◆ **TASK TO CARRY OUT**
Copy each record exactly as it reads, leaving out any pictures it holds.

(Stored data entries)
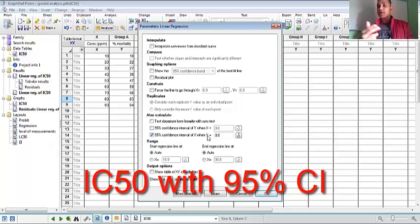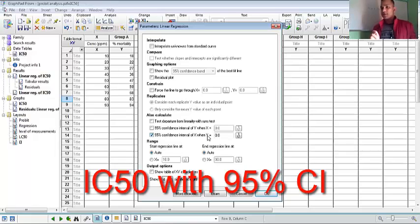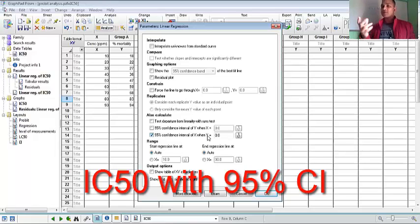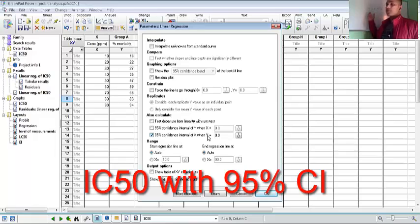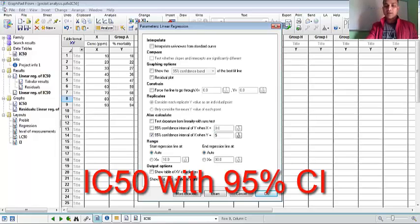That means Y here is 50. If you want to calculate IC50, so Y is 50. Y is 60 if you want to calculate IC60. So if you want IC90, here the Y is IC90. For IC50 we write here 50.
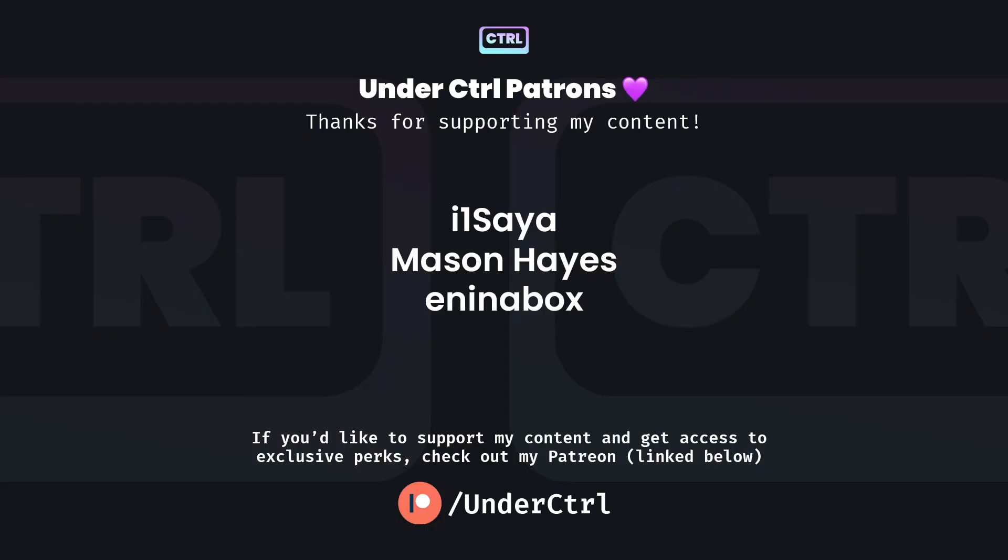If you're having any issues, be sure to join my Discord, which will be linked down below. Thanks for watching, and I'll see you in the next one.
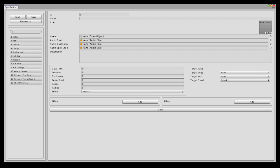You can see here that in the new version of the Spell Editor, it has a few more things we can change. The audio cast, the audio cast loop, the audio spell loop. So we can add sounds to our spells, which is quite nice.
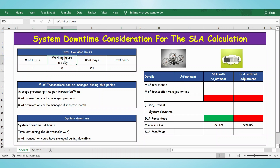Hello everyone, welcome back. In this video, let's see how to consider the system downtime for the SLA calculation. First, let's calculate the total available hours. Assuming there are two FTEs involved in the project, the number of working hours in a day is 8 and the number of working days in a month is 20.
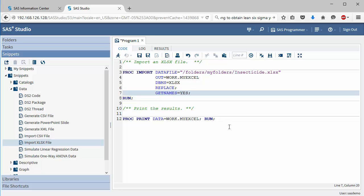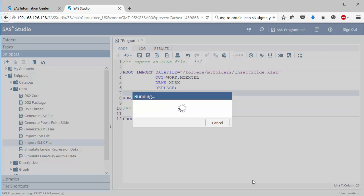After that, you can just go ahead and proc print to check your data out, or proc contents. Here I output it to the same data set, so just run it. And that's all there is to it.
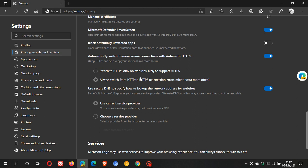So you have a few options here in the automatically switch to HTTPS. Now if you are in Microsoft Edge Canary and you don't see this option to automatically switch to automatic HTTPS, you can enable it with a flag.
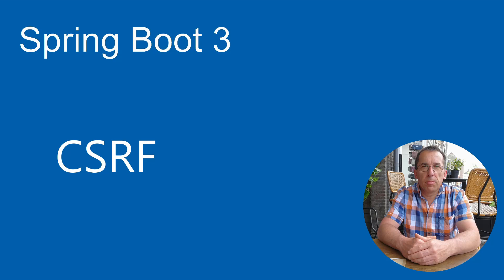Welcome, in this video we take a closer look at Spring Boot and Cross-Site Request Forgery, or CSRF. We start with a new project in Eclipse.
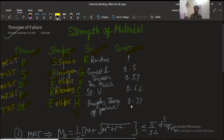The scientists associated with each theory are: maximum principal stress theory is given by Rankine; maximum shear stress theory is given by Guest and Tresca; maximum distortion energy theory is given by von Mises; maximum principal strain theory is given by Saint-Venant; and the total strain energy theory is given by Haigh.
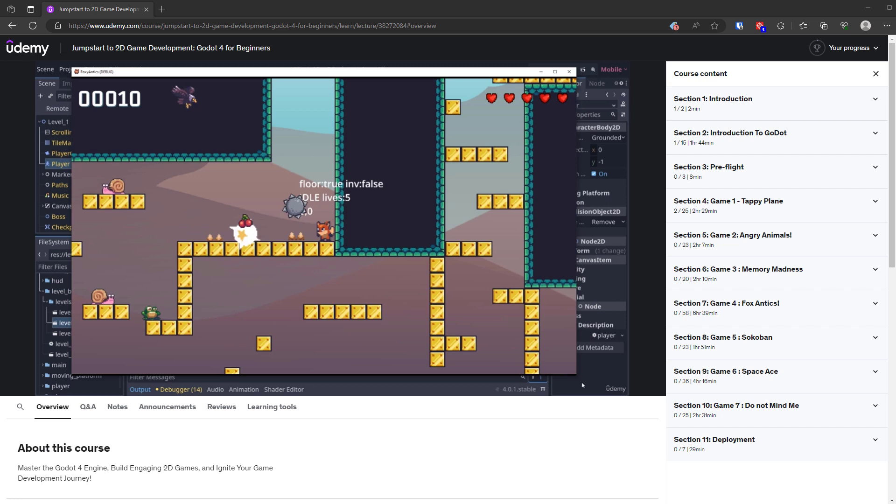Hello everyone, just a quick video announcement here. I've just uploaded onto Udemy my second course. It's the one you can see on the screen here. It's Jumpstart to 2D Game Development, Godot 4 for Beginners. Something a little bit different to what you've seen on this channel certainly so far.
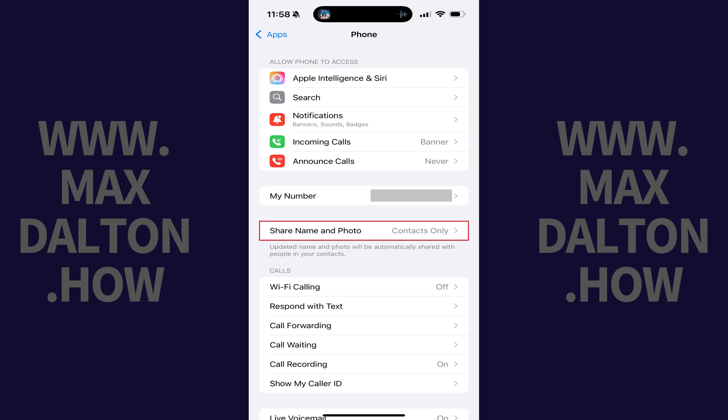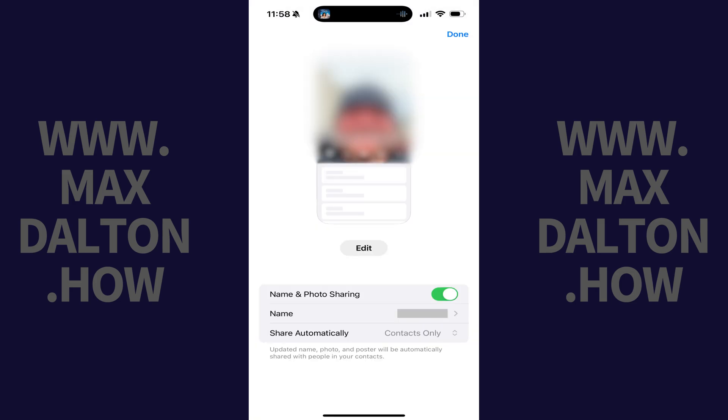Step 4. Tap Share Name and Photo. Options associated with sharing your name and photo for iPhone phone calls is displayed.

◆ **SOLUTION TO THE EXERCISE**
That means Y here is 50. If you want to calculate IC50, so Y is 50. Y is 60 if you want to calculate IC60. So if you want IC90, here the Y is IC90. For IC50 we write here 50.
If you're having any issues, be sure to join my Discord, which will be linked down below. Thanks for watching, and I'll see you in the next one.
You can see here that in the new version of the Spell Editor, it has a few more things we can change. The audio cast, the audio cast loop, the audio spell loop. So we can add sounds to our spells, which is quite nice.
Hello everyone, welcome back. In this video, let's see how to consider the system downtime for the SLA calculation. First, let's calculate the total available hours. Assuming there are two FTEs involved in the project, the number of working hours in a day is 8 and the number of working days in a month is 20.
After that, you can just go ahead and proc print to check your data out, or proc contents. Here I output it to the same data set, so just run it. And that's all there is to it.
So you have a few options here in the automatically switch to HTTPS. Now if you are in Microsoft Edge Canary and you don't see this option to automatically switch to automatic HTTPS, you can enable it with a flag.
Welcome, in this video we take a closer look at Spring Boot and Cross-Site Request Forgery, or CSRF. We start with a new project in Eclipse.
The scientists associated with each theory are: maximum principal stress theory is given by Rankine; maximum shear stress theory is given by Guest and Tresca; maximum distortion energy theory is given by von Mises; maximum principal strain theory is given by Saint-Venant; and the total strain energy theory is given by Haigh.
Hello everyone, just a quick video announcement here. I've just uploaded onto Udemy my second course. It's the one you can see on the screen here. It's Jumpstart to 2D Game Development, Godot 4 for Beginners. Something a little bit different to what you've seen on this channel certainly so far.
Step 4. Tap Share Name and Photo. Options associated with sharing your name and photo for iPhone phone calls is displayed.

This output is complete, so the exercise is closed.